Hi Travis,

I thought that was you when I read your post; yes, we did indeed talk. Actually, it was after our talk that I went through extensive searching to find what is considered top-tier in computer science. Here are brief comments I should have included earlier explaining how I came up with the three sources of computer science "high quality" conferences:

* Top Tier and 2nd tier conferences from
http://webdocs.cs.ualberta.ca/~zaiane/htmldocs/ConfRanking.html: In extensive searching for computer science conference rankings, this is the absolute best I could find, and most other rankings I found have either referred to or copied from this list.
* A-ranked conferences in Information and Computing Sciences from
http://lamp.infosys.deakin.edu.au/era/?page=cforsel10: This is the most exhaustive journal ranking exercise I have ever found anywhere. Unfortunately, I like you have serious questions about the face validity of these rankings; I think they heavily overrate many conferences in my own field of information systems; I assume the same is true with other fields that I don't know so well. (My primary reservation with conference or journal rankings by professors is that I strongly suspect that one of the main criteria for their rankings is whether or not they have published in that outlet before.) Unfortunately, I don't know of anything that approaches this ranking in comprehensiveness.
* We also considered including all WikiSym articles on Wikipedia: This is not because of any statement of WikiSym's quality, but simply because WikiSym is probably the closest thing that exists to an academic conference specifically for Wikipedia-related research.

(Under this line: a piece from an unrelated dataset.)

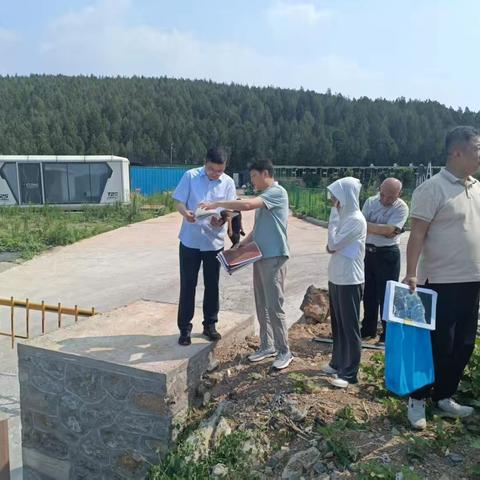 【雷厉风行抓落实之八十四】市政府督查室再次实地督导中央环保督察信访问题整改情况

Is there no widely-accepted listing of computer science conference rankings? You say, "Everyone in my field (HCI) pretty much knows what the first tier conferences are where wikipedia research is published." The problem is that I could say the same thing about my field, but another researcher would have a different list. There is generally consensus about the top two or three in any field, but the huge grey zone comes when you try to draw a line. Even your idea of getting small groups of experts to validate a number of conferences is pretty shaky, since another small group of experts would almost definitely give different results.

Citation counts are always a sticky issue; they depend mainly on indexing by citation count databases and recency of articles. However, I do consider them one of the most objective (not necessarily one of the best, but one of the most objective) criteria for paper quality. Based on your suggestion, I just now discovered that ACM Digital Library includes citation counts for conference papers. By way of brainstorming, I'm thinking of this possible inclusion rule:

* Calculate (a) the average citation count for Wikipedia articles (either only journal average, only conference average, or average of both), and (b) average citation count for each journal and/or conference that publishes Wikipedia research. (b) is basically (a) grouped by journal/conference.
* Rather than doing raw citation counts, we could try to calculate citations per year or some other weighting that recognizes that more recent articles would have fewer citations than older ones.
* Include all conference papers greater than the average (whichever average we choose) and/or include conference papers from all conferences greater than the average. Or we could include all conference papers whose average citations per year are greater than the average for journal articles. Or just include the top 100 ranked conference papers, or however many we can handle.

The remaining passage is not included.